-- Task objective --
Pictures aside, write out the data exactly as it reads.

-- Entries provided --
+ + + +
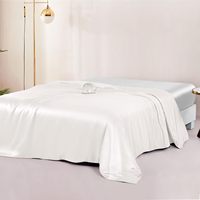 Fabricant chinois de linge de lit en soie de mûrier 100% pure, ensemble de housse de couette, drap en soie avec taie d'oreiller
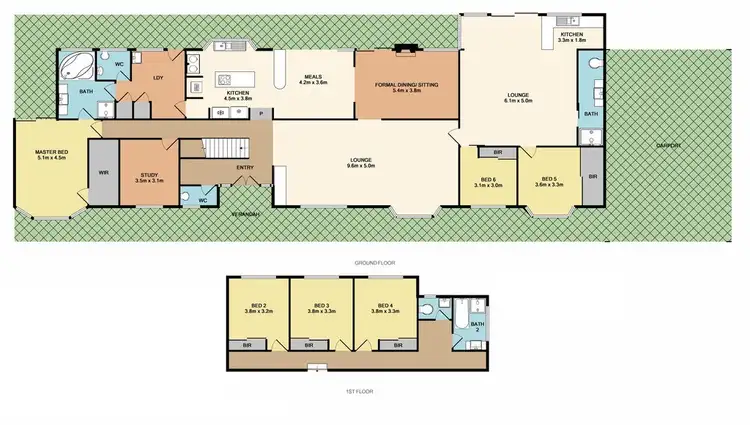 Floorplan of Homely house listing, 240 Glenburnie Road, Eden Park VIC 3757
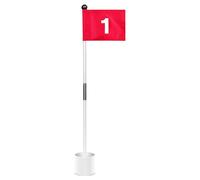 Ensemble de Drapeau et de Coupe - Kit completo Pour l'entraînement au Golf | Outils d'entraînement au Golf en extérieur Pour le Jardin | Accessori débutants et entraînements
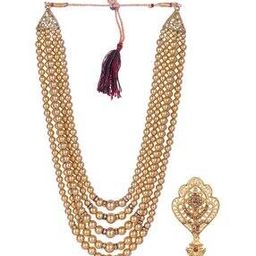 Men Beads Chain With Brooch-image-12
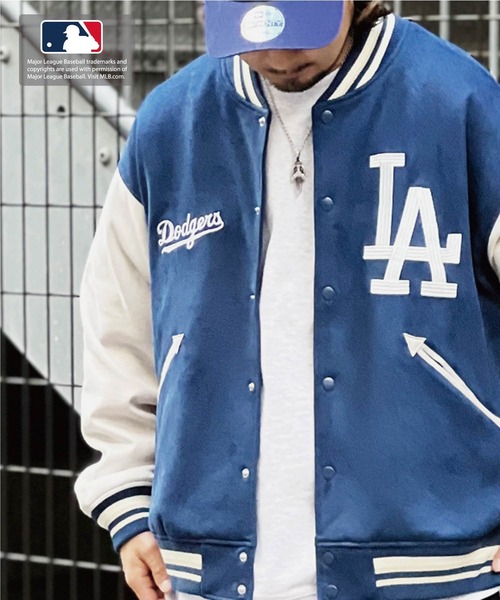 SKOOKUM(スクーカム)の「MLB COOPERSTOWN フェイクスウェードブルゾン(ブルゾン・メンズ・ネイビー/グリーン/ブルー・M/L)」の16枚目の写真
+ + + +
-- The answer --
 Fabricant chinois de linge de lit en soie de mûrier 100% pure, ensemble de housse de couette, drap en soie avec taie d'oreiller
 Floorplan of Homely house listing, 240 Glenburnie Road, Eden Park VIC 3757
 Ensemble de Drapeau et de Coupe - Kit completo Pour l'entraînement au Golf | Outils d'entraînement au Golf en extérieur Pour le Jardin | Accessori débutants et entraînements
 Men Beads Chain With Brooch-image-12
 SKOOKUM(スクーカム)の「MLB COOPERSTOWN フェイクスウェードブルゾン(ブルゾン・メンズ・ネイビー/グリーン/ブルー・M/L)」の16枚目の写真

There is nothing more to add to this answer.